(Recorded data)
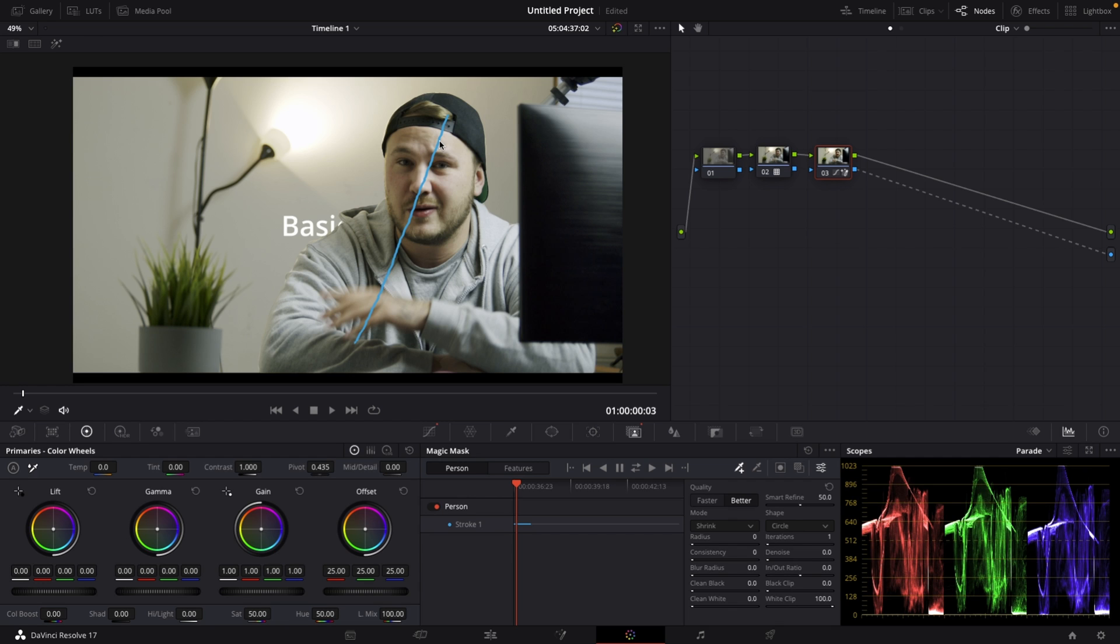If the magic mask gets improved down the road, you might consider using this. But as of right now, I wouldn't.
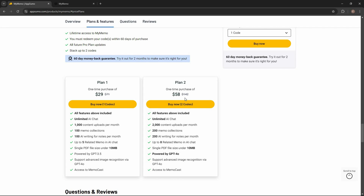There is also plan two that costs $59. Here you have unlimited AI chat, 2000 content uploads, 200 memo collections, 200 AI writing for notes per month, and up to 8 related memos in AI chat. On plan two, you get GPT-4o access, whereas plan one uses GPT-3.5.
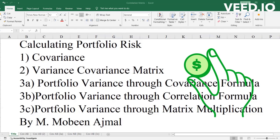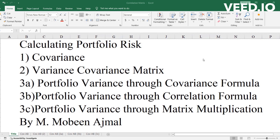Hello everyone, welcome back for another video. In this video I'm going to calculate with you the portfolio risk. This video is divided into five parts. The first part covers how to calculate covariance given a correlation matrix. The second part will focus on variance-covariance matrix creation. The third part will calculate the portfolio variance through the covariance formula.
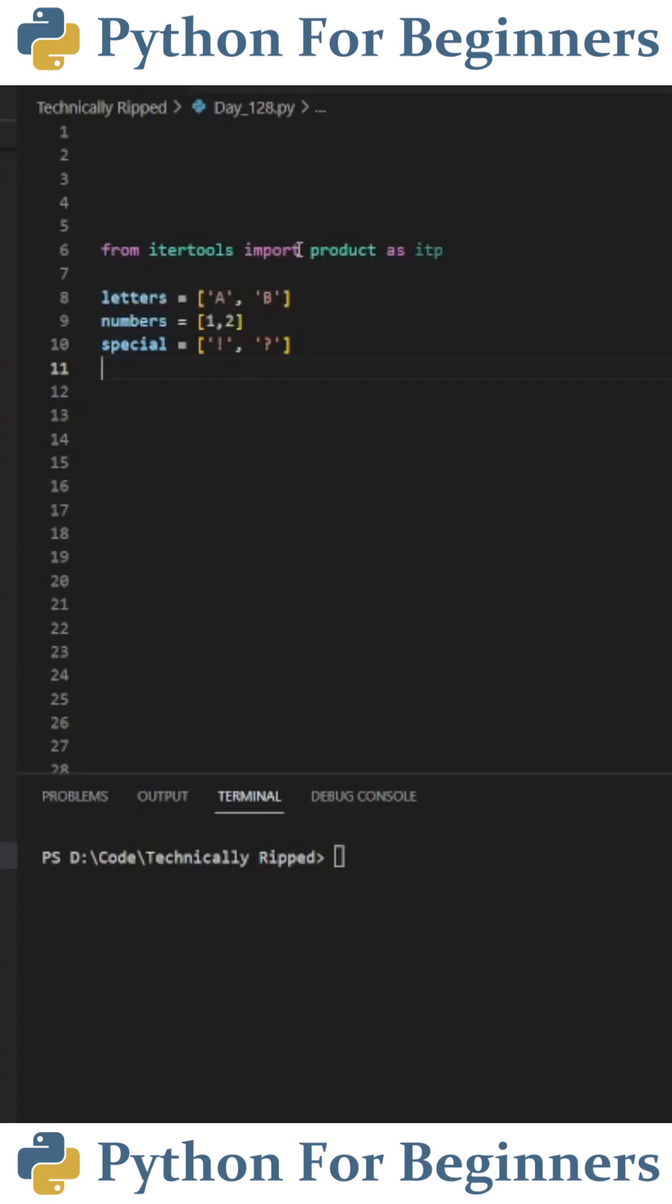So what we're going to do here is create a list containing all the combinations when joining the lists together. We basically create a list of unique combinations when joining the lists together. So for example, we might do A1 exclamation mark, then A1 question mark, then we would do A2 exclamation mark, A2 question mark, and so on.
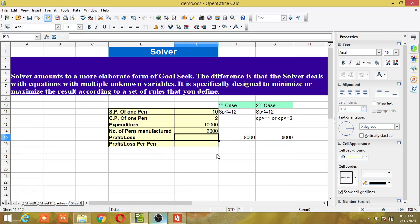Hello programmers. In today's class I will explain what is the Solver tool in OpenOffice Calc. Solver amounts to a more elaborate form of GoalSeek. The difference is that Solver deals with equations with multiple unknown variables. It is specifically designed to minimize or maximize the result according to a set of rules that you define. That means it's just like GoalSeek, but in the Solver tool you can give some conditions.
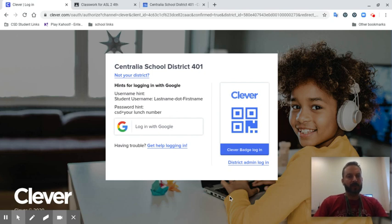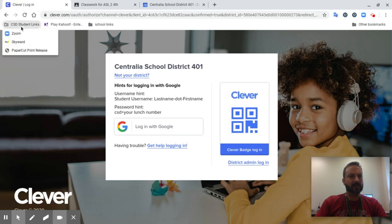If you're having problems with logging on to Zoom, do these steps. First thing, go to CSD Student Links and click on Zoom.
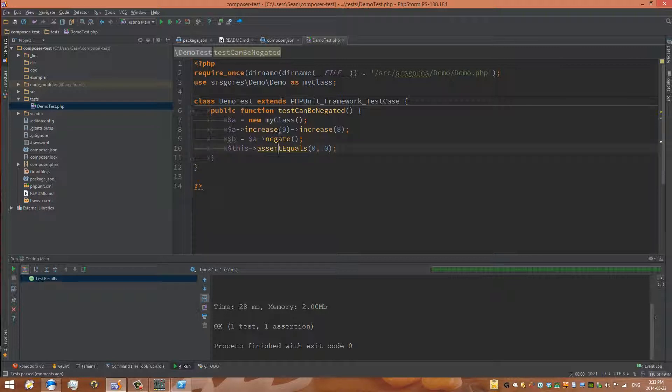Usually there are three parts to a test: first is arrange, second is act, and third is assert.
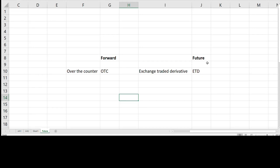Forward and future contracts are financial instruments that allow market participants to offset or assume the risk of a price change in an asset. A futures contract is distinct from a forward contract in two significant ways.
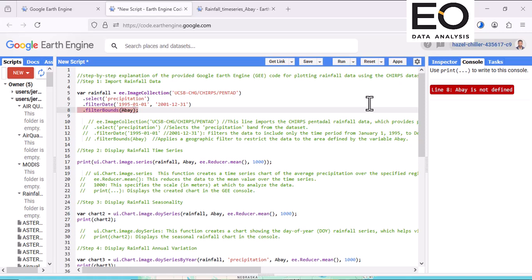Hello everybody. Today I'm going to show you how to plot rainfall time series in Google Earth Engine using CHIRPS rainfall data. So let's get started.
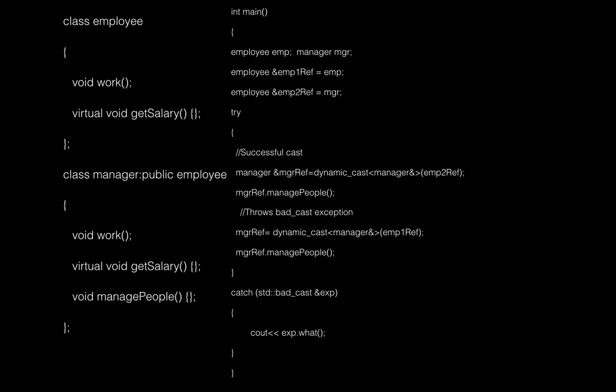Here again we see the same example with Manager and Employee. There are two references, EMP1_ref and EMP2_ref — one pointing to Manager, the other to an Employee object. For EMP2_ref, you get a successful cast and a valid Manager reference on which you can call manage_people. For EMP1_ref, a bad_cast exception is thrown. This is a simple example of using dynamic cast for references.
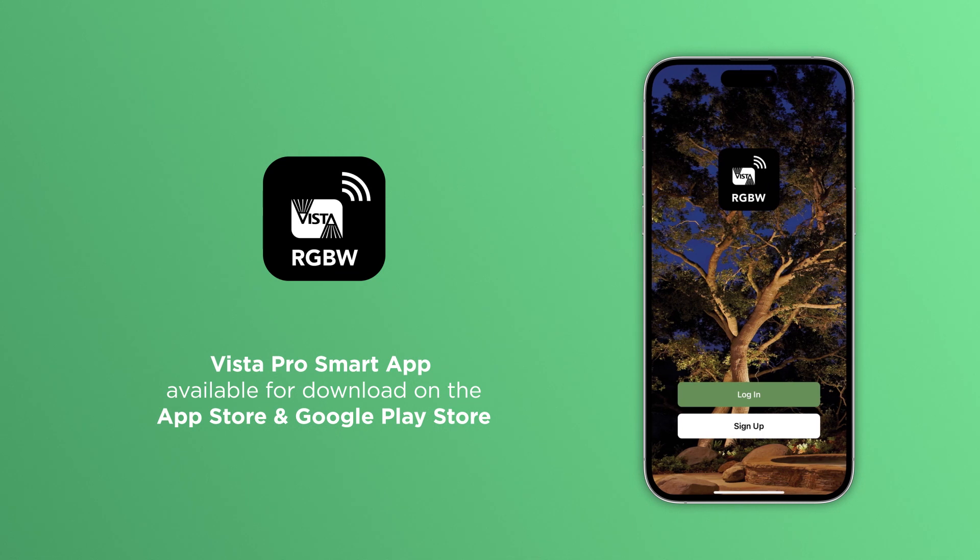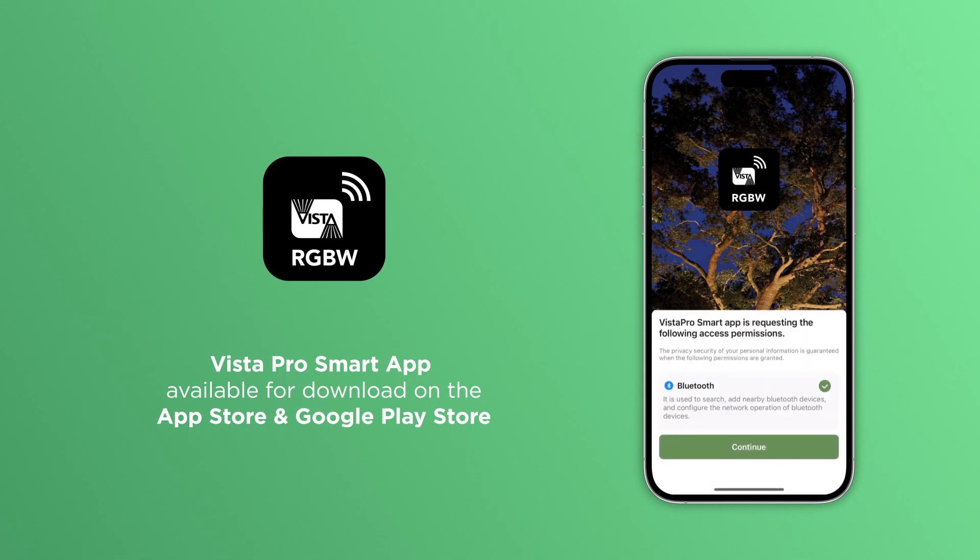Before getting started, have the Vista Pro smart app downloaded, which is available in the App Store and Google Play Store. And make sure Bluetooth and Wi-Fi are enabled on your smart device.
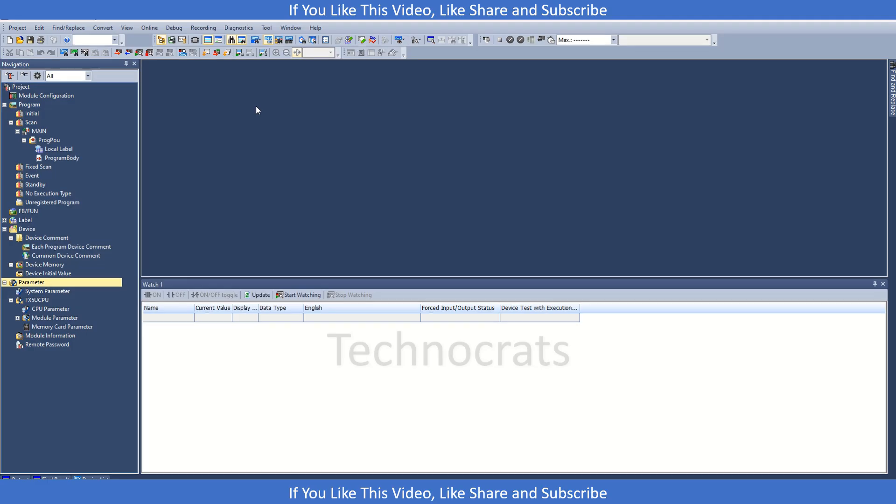Hello and welcome to my YouTube channel Technocrats. In today's video we will discuss the inbuilt PID in Mitsubishi PLC FX5U. Previously for the FX5U, we used PID instructions and the PID function block to control the PID loops, but here in the new PLC and the new firmware we have one more option.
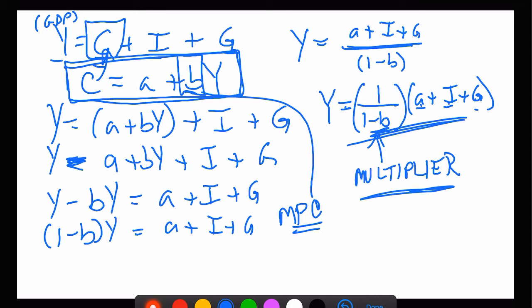We can also explore what happens when in addition to all of this we have a b times T term in the equation.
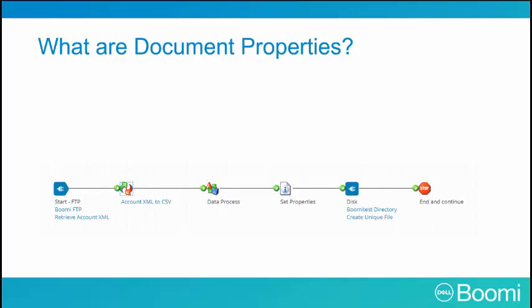We will now continue by discussing document properties and profiles. As discussed earlier, it is possible to apply document properties to a document throughout the process. We are about to introduce another shape into our process to help us apply a custom file name to each document which passes through it.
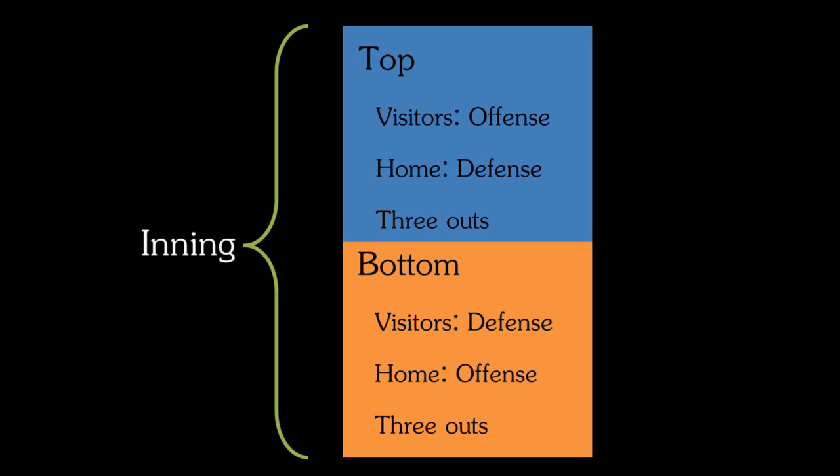The teams would then switch again, so the home team is again in the field and the visiting team is at bat, and they would do that for three more outs. At that point, then the bottom of the second inning would begin, and the teams continue to alternate back and forth between offense and defense for nine innings.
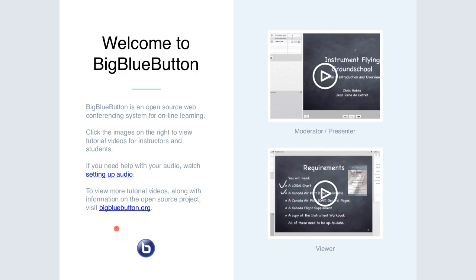Good morning everybody, and welcome to today's Aperio Teaching and Learning Meeting. Today is Wednesday, March the 6th. My name is Matt Burgess. I'm from the University of Virginia, and I will be facilitating this call.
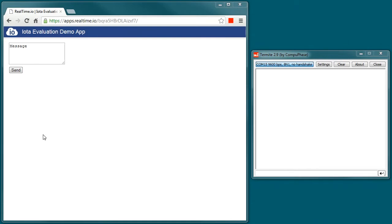What I'm going to do is send a message from the IOTA Evaluation Demo App and you'll see it in the Terminal App in real time.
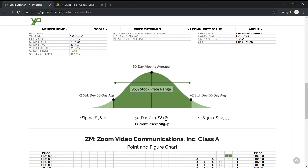It'll show the price right down below — that's the average of the last 50 days of the stock price. To the right you have the positive 2 standard deviations out from that 50-day average, and to the left you have the negative 2 standard deviations behind that 50-day moving average.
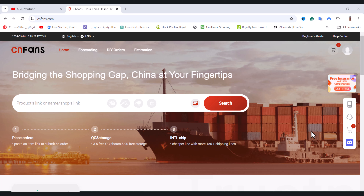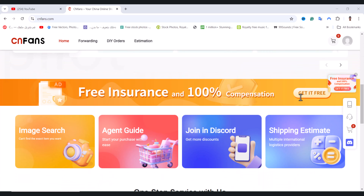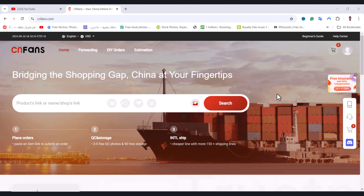If you want to change your currency and your language in cnfans.com, first of all open it, and after you open it what you need to do is click on this option which is language plus currency.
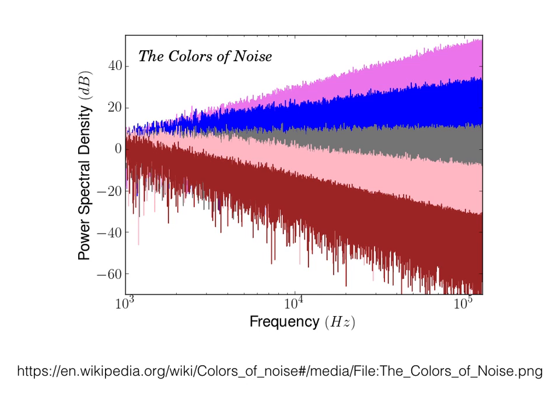There are many types of noise generators beyond the ones mentioned here. Artists use a wide variety of noise types to add interest to their work.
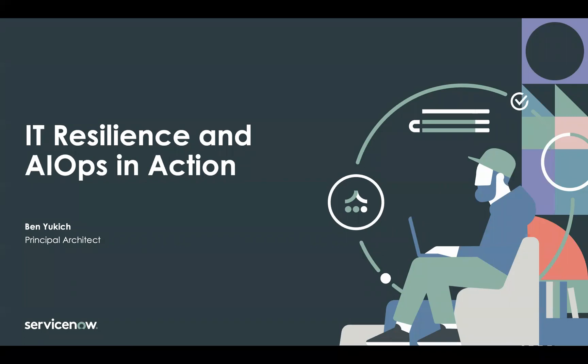Hi, this is Ben Jukic with ServiceNow, a principal architect covering our IT solutions. Today, I want to highlight what we mean when we talk about resilient IT and AIOps.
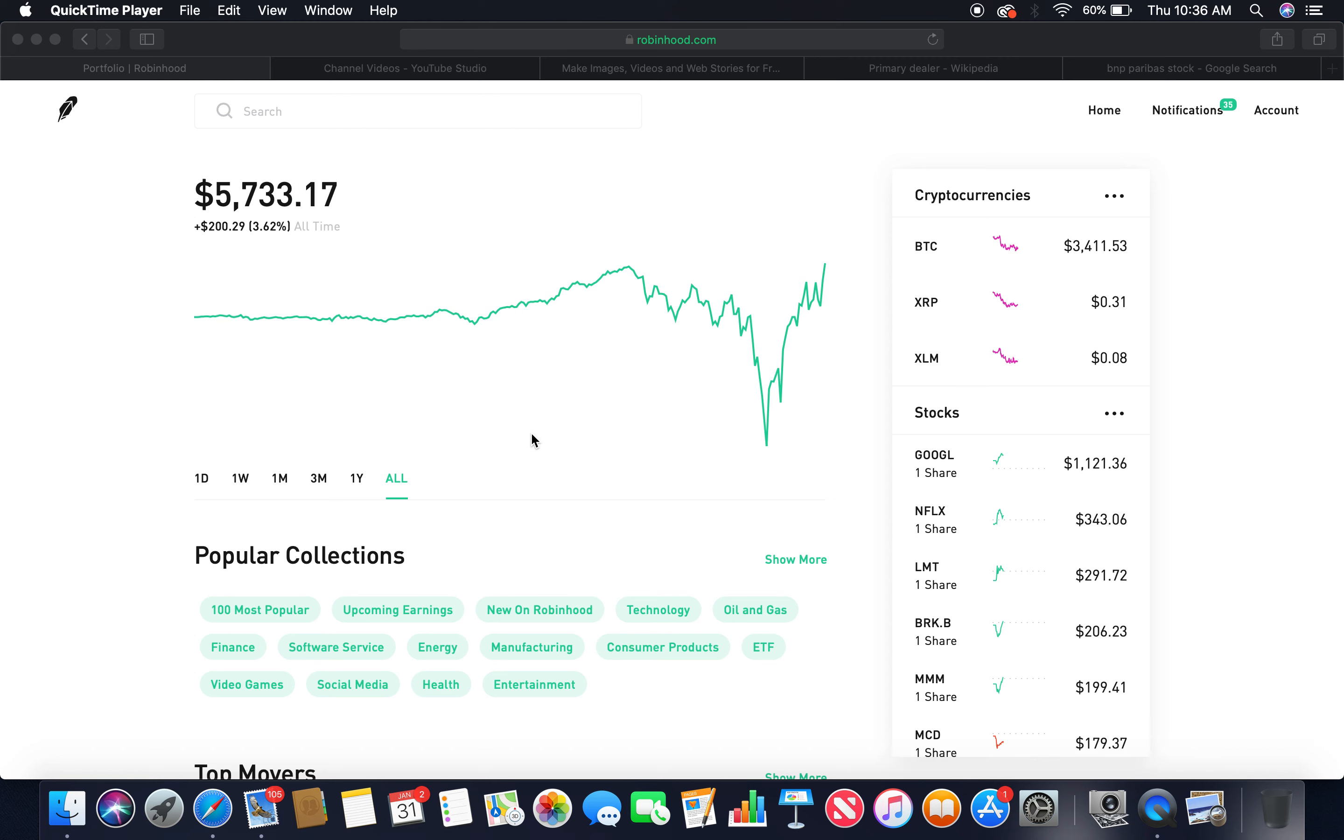Good morning. This is the Global Stock Investor Show. Welcome Global Investors. Today I'll be going over primary dealers with the Federal Reserve Bank of New York. This is part three.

TASK PROMPT: Without the images, print all of the lines above exactly.

YOUR RESPONSE:
If the magic mask gets improved down the road, you might consider using this. But as of right now, I wouldn't.
There is also plan two that costs $59. Here you have unlimited AI chat, 2000 content uploads, 200 memo collections, 200 AI writing for notes per month, and up to 8 related memos in AI chat. On plan two, you get GPT-4o access, whereas plan one uses GPT-3.5.
Hello everyone, welcome back for another video. In this video I'm going to calculate with you the portfolio risk. This video is divided into five parts. The first part covers how to calculate covariance given a correlation matrix. The second part will focus on variance-covariance matrix creation. The third part will calculate the portfolio variance through the covariance formula.
So what we're going to do here is create a list containing all the combinations when joining the lists together. We basically create a list of unique combinations when joining the lists together. So for example, we might do A1 exclamation mark, then A1 question mark, then we would do A2 exclamation mark, A2 question mark, and so on.
Hello programmers. In today's class I will explain what is the Solver tool in OpenOffice Calc. Solver amounts to a more elaborate form of GoalSeek. The difference is that Solver deals with equations with multiple unknown variables. It is specifically designed to minimize or maximize the result according to a set of rules that you define. That means it's just like GoalSeek, but in the Solver tool you can give some conditions.
If you're having problems with logging on to Zoom, do these steps. First thing, go to CSD Student Links and click on Zoom.
Usually there are three parts to a test: first is arrange, second is act, and third is assert.
Forward and future contracts are financial instruments that allow market participants to offset or assume the risk of a price change in an asset. A futures contract is distinct from a forward contract in two significant ways.
Hello everybody. Today I'm going to show you how to plot rainfall time series in Google Earth Engine using CHIRPS rainfall data. So let's get started.
Here again we see the same example with Manager and Employee. There are two references, EMP1_ref and EMP2_ref — one pointing to Manager, the other to an Employee object. For EMP2_ref, you get a successful cast and a valid Manager reference on which you can call manage_people. For EMP1_ref, a bad_cast exception is thrown. This is a simple example of using dynamic cast for references.
Before getting started, have the Vista Pro smart app downloaded, which is available in the App Store and Google Play Store. And make sure Bluetooth and Wi-Fi are enabled on your smart device.
Hello and welcome to my YouTube channel Technocrats. In today's video we will discuss the inbuilt PID in Mitsubishi PLC FX5U. Previously for the FX5U, we used PID instructions and the PID function block to control the PID loops, but here in the new PLC and the new firmware we have one more option.
We can also explore what happens when in addition to all of this we have a b times T term in the equation.
We will now continue by discussing document properties and profiles. As discussed earlier, it is possible to apply document properties to a document throughout the process. We are about to introduce another shape into our process to help us apply a custom file name to each document which passes through it.
The teams would then switch again, so the home team is again in the field and the visiting team is at bat, and they would do that for three more outs. At that point, then the bottom of the second inning would begin, and the teams continue to alternate back and forth between offense and defense for nine innings.
Good morning everybody, and welcome to today's Aperio Teaching and Learning Meeting. Today is Wednesday, March the 6th. My name is Matt Burgess. I'm from the University of Virginia, and I will be facilitating this call.
What I'm going to do is send a message from the IOTA Evaluation Demo App and you'll see it in the Terminal App in real time.
It'll show the price right down below — that's the average of the last 50 days of the stock price. To the right you have the positive 2 standard deviations out from that 50-day average, and to the left you have the negative 2 standard deviations behind that 50-day moving average.
If you want to change your currency and your language in cnfans.com, first of all open it, and after you open it what you need to do is click on this option which is language plus currency.
There are many types of noise generators beyond the ones mentioned here. Artists use a wide variety of noise types to add interest to their work.
Hi, this is Ben Jukic with ServiceNow, a principal architect covering our IT solutions. Today, I want to highlight what we mean when we talk about resilient IT and AIOps.
Good morning. This is the Global Stock Investor Show. Welcome Global Investors. Today I'll be going over primary dealers with the Federal Reserve Bank of New York. This is part three.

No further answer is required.